While the future of the US and French nuclear projects in India remains uncertain, Russia has come to India’s rescue. This year, the government signed design contracts with Russia for Units 5 and 6 of VVER reactors in Koodankulam and launched the construction of Units 3 and 4 despite glaring failures of Units 1 and 2. India has also signed a new nuclear deal with Russia for six more reactors at a new site that remains officially unannounced.

Given the complications of starting Western-imported nuclear projects, the Indian government seems to have shifted its focus to the domestically-built ‘indigenous’ Pressurized Heavy Water Reactors (PHWRs). Last year, the government repackaged the plans for 10 such reactors with 700 MW capacity each. This year, excavation work has started in Gorakhpur and the government has continued land acquisition and environmental clearance efforts for Mahi-Banswara and pre-project activities in Chutka.

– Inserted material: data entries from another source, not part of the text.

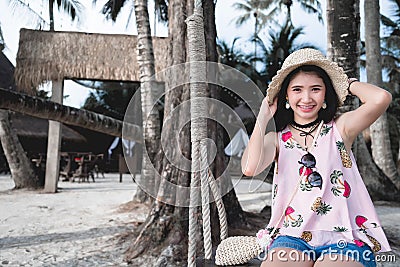 Young woman at paradise beach on vacation at island. Beautiful g Stock Photo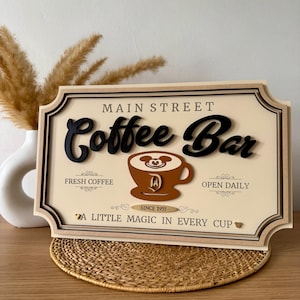 K&ouml;nnte beinhalten: Ein Holzschild mit den Worten "Main Street Coffee Bar" in schwarzer Schrift. Das Schild zeigt eine braune Kaffeetasse mit Mickey-Mouse-Ohren und einem "D" f&uuml;r Disney. Das Schild tr&auml;gt au&szlig;erdem die Aufschrift "Fresh Coffee", "Open Daily" und "Since 1955". Das Schild hat ein goldenes Herz und den Text "A Little Magic in Every Cup".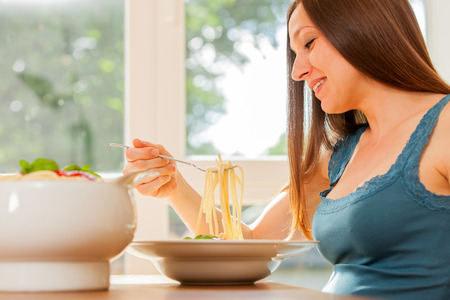 Photo of pregnant woman eating huge portion of pasta with tomato sauceの写真素材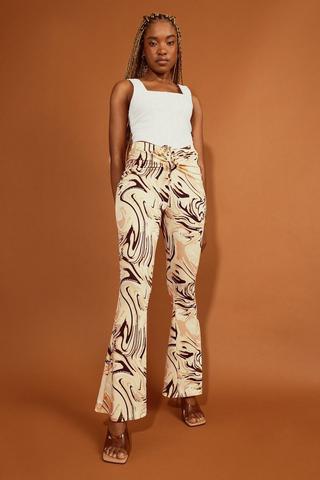 New Look zebra print flare pants in brown pattern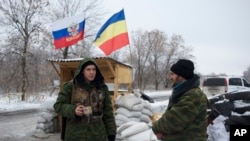 Pemberontak pro-Rusia menjaga pos pemeriksaan berhiaskan bendera Rusia dan resimen Don Cossacks di luar kota Pervomaisk, Ukraina timur (6/12). (AP/Balint Szlanko)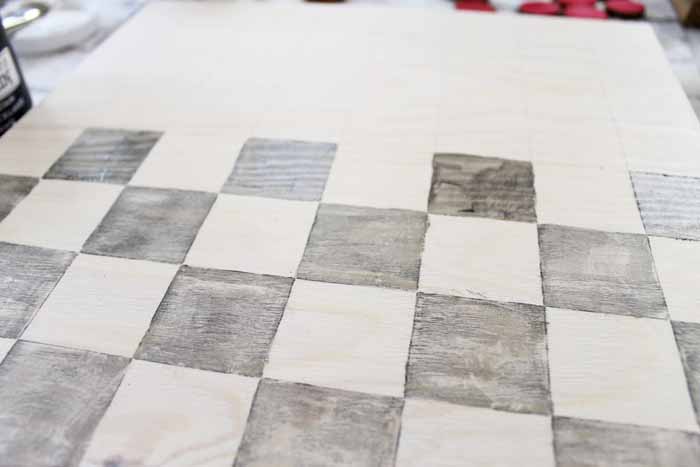 Staining alternate squares to make a checkerboard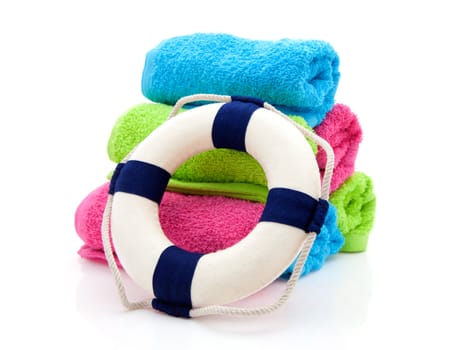 colorful towels and life buoy over white background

The localised nuclear expansion has also included construction of more PHWRs in existing plants like Kaiga where the government recently conducted a farcical public hearing on the Environmental Impact Assessment report, which has been criticized by independent experts. Despite the generally slow growth of the nuclear sector, India has steadily increased its import of uranium fuel from Canada, Kazakhstan and other countries.

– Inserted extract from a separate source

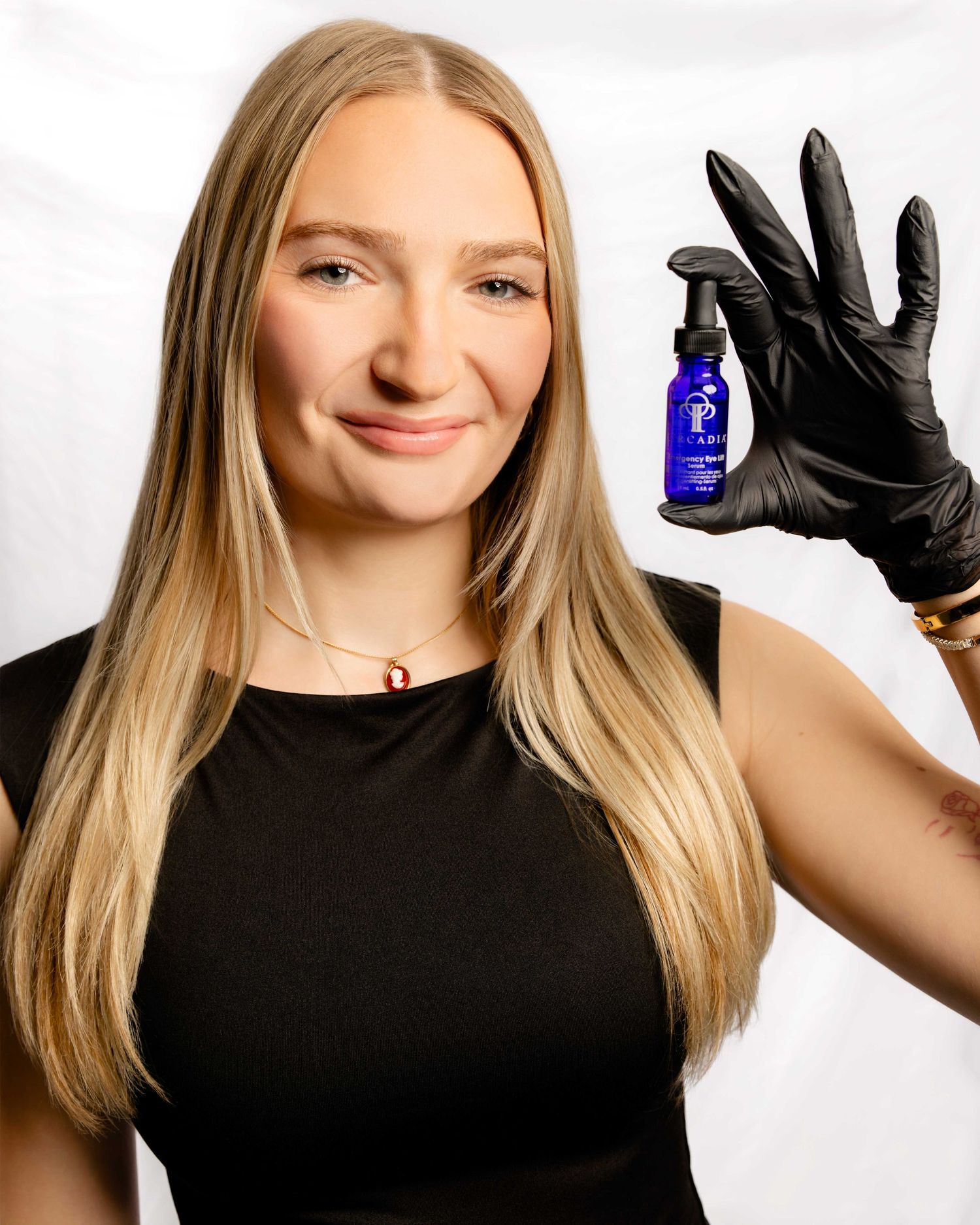 Series showing hands in black gloves holding blue bottle against white background.
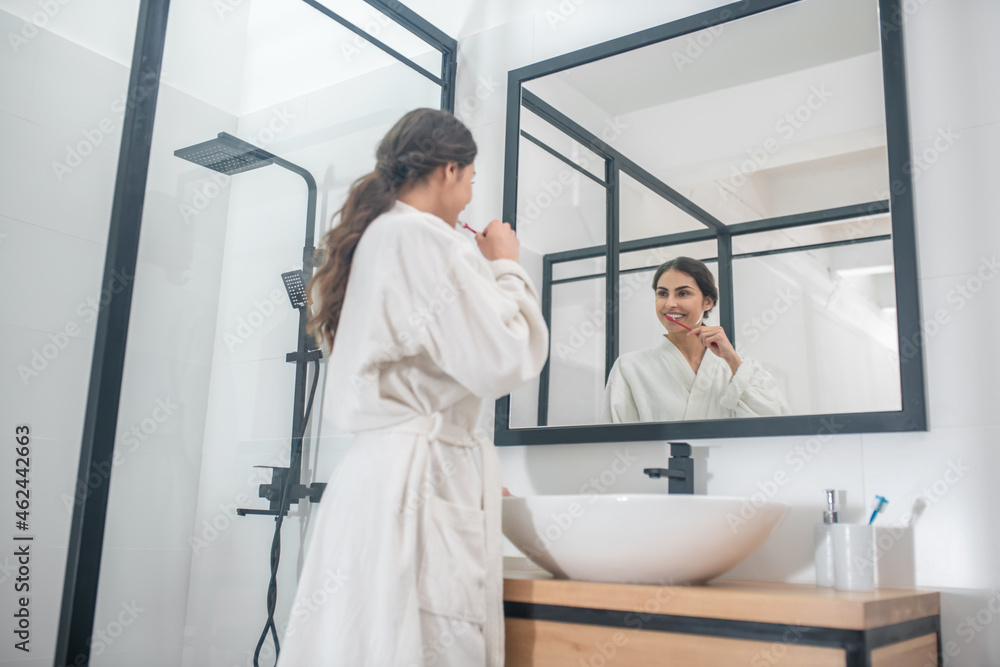 A picture of a young woman in a bathrobe in the bathroom A picture of a young woman in a bathrobe in the bathroom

India’s nuclear arsenal and missile capabilities continue to grow quietly, under an otherwise grandiloquent and ultra-nationalist regime. And even though the nuclear power sector’s growth appears to be painfully slow, the Indian government has firmly set the country on a course of a full-spectrum technology-ownership in the nuclear sector, and, is using every available opportunity, including the decline of international nuclear industry, towards this grandiose ambition.

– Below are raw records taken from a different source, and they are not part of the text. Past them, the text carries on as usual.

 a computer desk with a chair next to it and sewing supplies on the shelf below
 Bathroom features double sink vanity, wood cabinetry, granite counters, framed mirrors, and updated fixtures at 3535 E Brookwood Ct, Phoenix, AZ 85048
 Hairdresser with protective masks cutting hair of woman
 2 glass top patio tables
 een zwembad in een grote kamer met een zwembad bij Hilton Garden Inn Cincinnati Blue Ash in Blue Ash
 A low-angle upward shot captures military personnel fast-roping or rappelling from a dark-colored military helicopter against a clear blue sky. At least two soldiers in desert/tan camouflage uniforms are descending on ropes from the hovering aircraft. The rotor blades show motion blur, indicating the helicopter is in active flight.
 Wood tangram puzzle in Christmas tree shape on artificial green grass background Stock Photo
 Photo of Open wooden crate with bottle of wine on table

One might ask then, if it is by design that the Indian government ignores the attendant problems of an unrelenting pursuit of nuclear projects like the EPR, even as the horror of Fukushima continues to unfold before us, and whether, the growth of its nuclear sector, no matter how snail-paced, ensures a ‘legitimate’ and comprehensive growth of nuclear technology, which in turn provides India not just military wherewithal, but also diplomatic stature and the leverage to enhance its long-term power projection, as well as withstand any sanctions in the future in the event that the country conducts nuclear tests? As nuclear power in the present situation does not make sense on either financial or safety grounds, it is only this super-power ambition which is plausibly guiding India’s overall nuclear strategy. India’s chequered nuclear past is reason enough to believe so.